Chavez: 'Smell of Hope' Has Replaced 'Smell of Sulfur' at U.N. Dais

Venezuelan President Hugo Chavez obliquely praised President Obama Thursday in an address to the U.N., saying he has replaced the "smell of sulfur" at the world body with the "smell of hope."

"It doesn't smell of sulfur here anymore," Chavez said in a clear allusion to an earlier insult he foisted on former President George W. Bush from the same podium three years earlier. 

"It smells of something else.
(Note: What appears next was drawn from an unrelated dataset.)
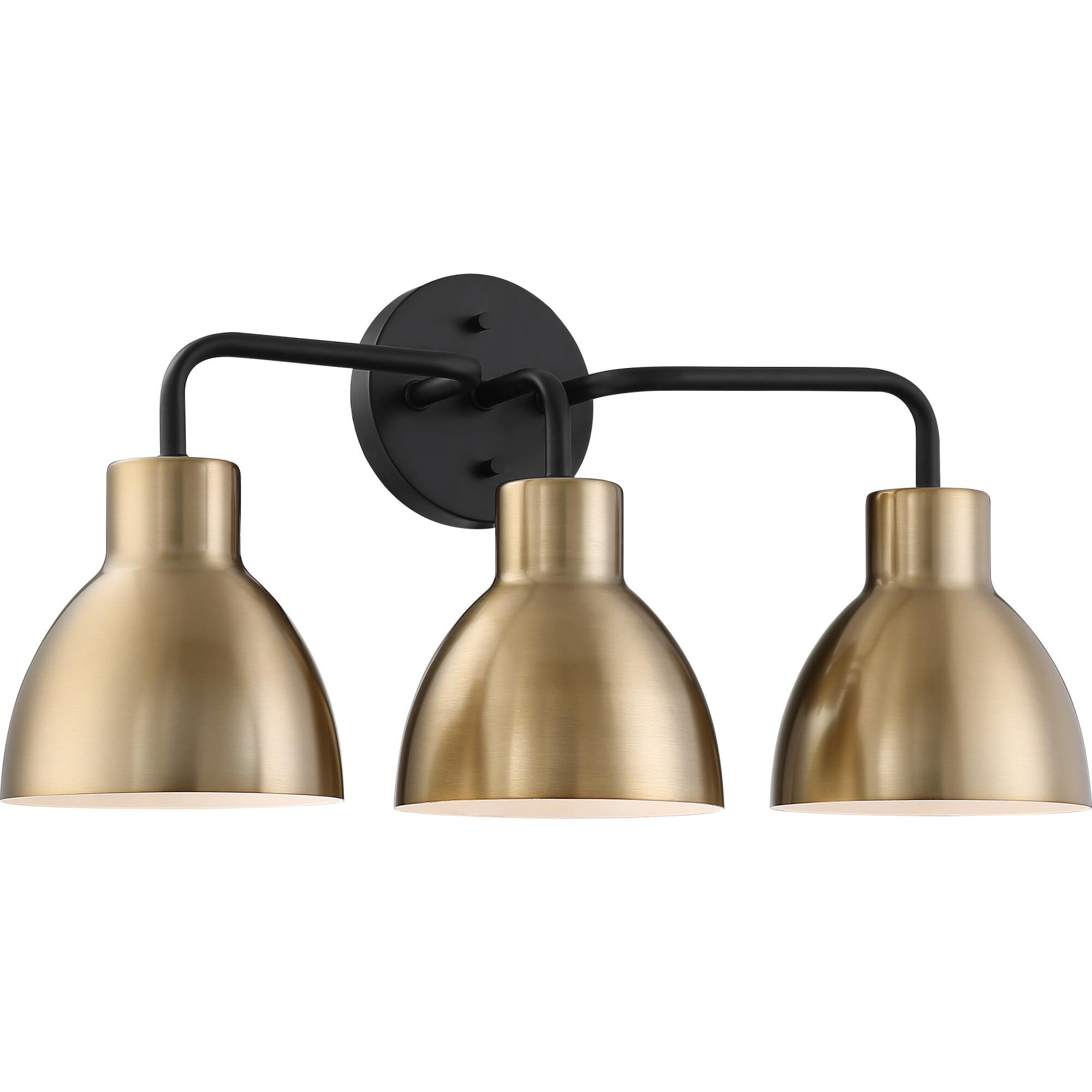 Shown in Matte Black finish and Burnished Brass Metal shade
It smells of hope," he said, referencing Obama's presidential campaign.

Chavez hasn't appeared at the opening session of the U.N General Assembly since calling Bush "the devil" several times during his remarks in 2006. 

Chavez spent the first 20 minutes of his speech asserting that a revolution is under way in South America and promoting an Oliver Stone film that depicts his life as well as other South American leaders. 

He then began taking political shots at his former rival.

Chavez joked that he hoped no one would throw a shoe at him, a reference to Bush ducking at a shoe hurled at him during a visit to Iraq last year, and laughed that he thought the Cuban official at his U.N. desk was preparing to remove his shoes.

He also joked that he wouldn't speak as long as Libya's strongman Muammar al-Qaddafi, who gave a seemingly endless and rambling diatribe at the world body a day earlier, or any less than President Obama did just prior to Qaddafi.

But Chavez turned serious when he called on Obama to lift a travel embargo to Cuba and extolled and defended the virtues of socialism that he says are responsible for the South American revolution.

And in erratic fashion, Chavez copied Qaddafi, alternating between praise for the U.S. president and questions over his foreign policy. Like Qaddafi he also referenced John F. Kennedy and his assassination, and threw in his hope that God protects Obama from the bullets that killed the late president.